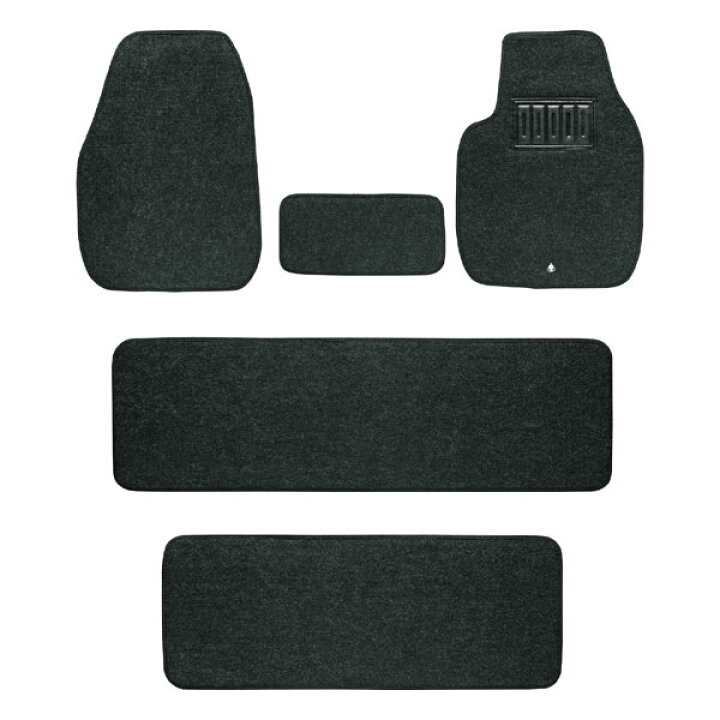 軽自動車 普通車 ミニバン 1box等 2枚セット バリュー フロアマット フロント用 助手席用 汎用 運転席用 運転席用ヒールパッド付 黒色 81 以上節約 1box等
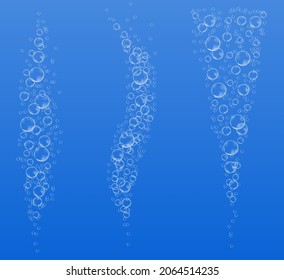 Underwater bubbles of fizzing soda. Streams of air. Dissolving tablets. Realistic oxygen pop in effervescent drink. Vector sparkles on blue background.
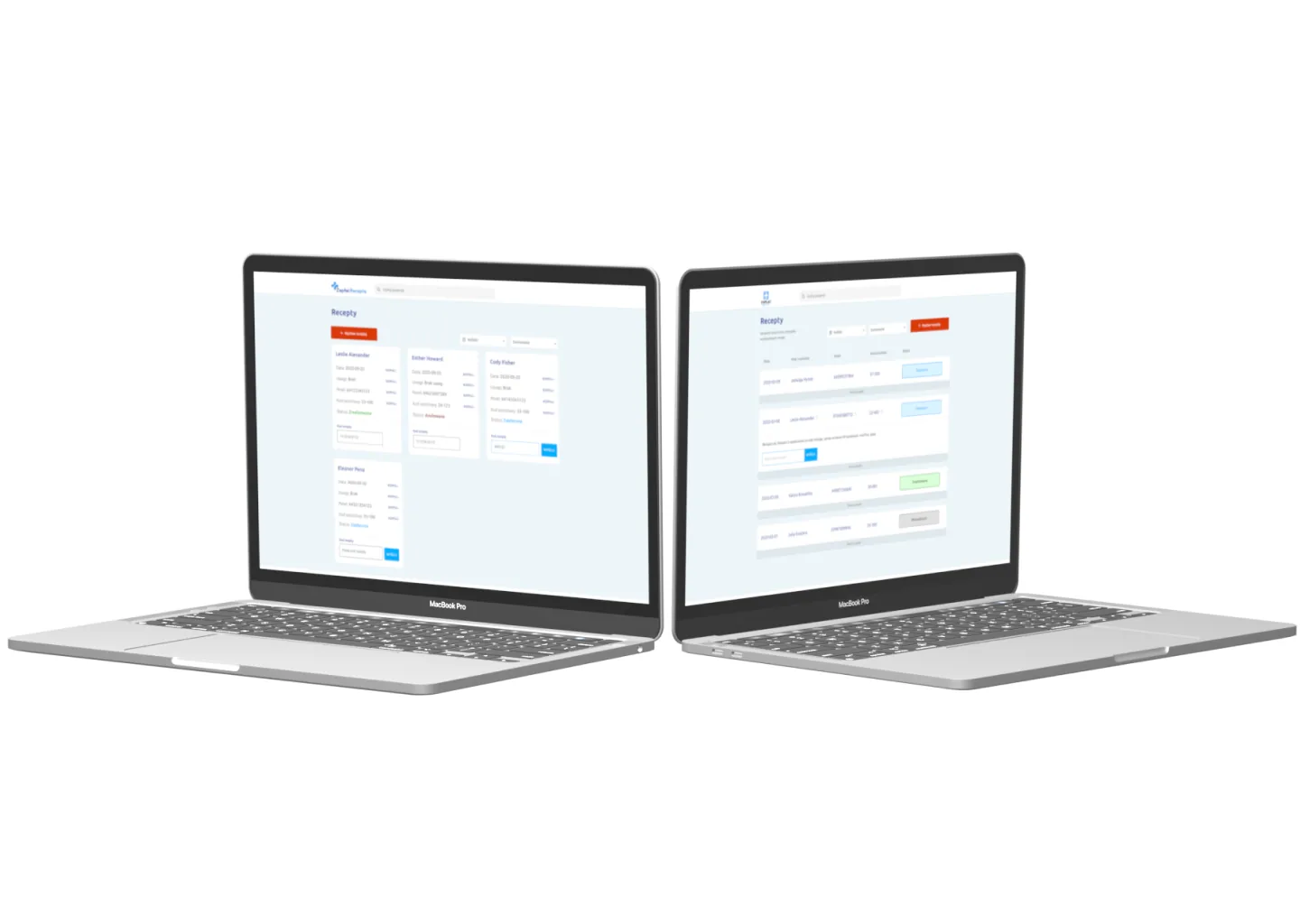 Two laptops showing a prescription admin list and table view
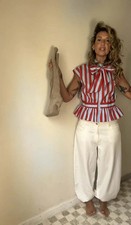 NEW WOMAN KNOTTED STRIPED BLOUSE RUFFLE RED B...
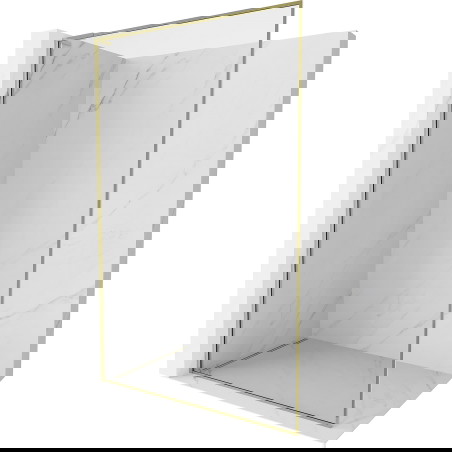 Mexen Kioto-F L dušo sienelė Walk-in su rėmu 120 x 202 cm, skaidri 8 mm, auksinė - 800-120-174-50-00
* * * *
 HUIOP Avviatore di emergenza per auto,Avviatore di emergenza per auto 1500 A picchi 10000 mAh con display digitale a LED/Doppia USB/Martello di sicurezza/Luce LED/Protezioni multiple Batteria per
* * * *
§ **Task instructions**:
Output exactly the stretch of the listing that begins at the line containing "Underwater bubbles of" and ends at the line containing "Mexen Kioto-F L", both kept. Omit pictures and everything else.

§ **Result of the task**:
 Underwater bubbles of fizzing soda. Streams of air. Dissolving tablets. Realistic oxygen pop in effervescent drink. Vector sparkles on blue background.
 Two laptops showing a prescription admin list and table view
 NEW WOMAN KNOTTED STRIPED BLOUSE RUFFLE RED B...
 Mexen Kioto-F L dušo sienelė Walk-in su rėmu 120 x 202 cm, skaidri 8 mm, auksinė - 800-120-174-50-00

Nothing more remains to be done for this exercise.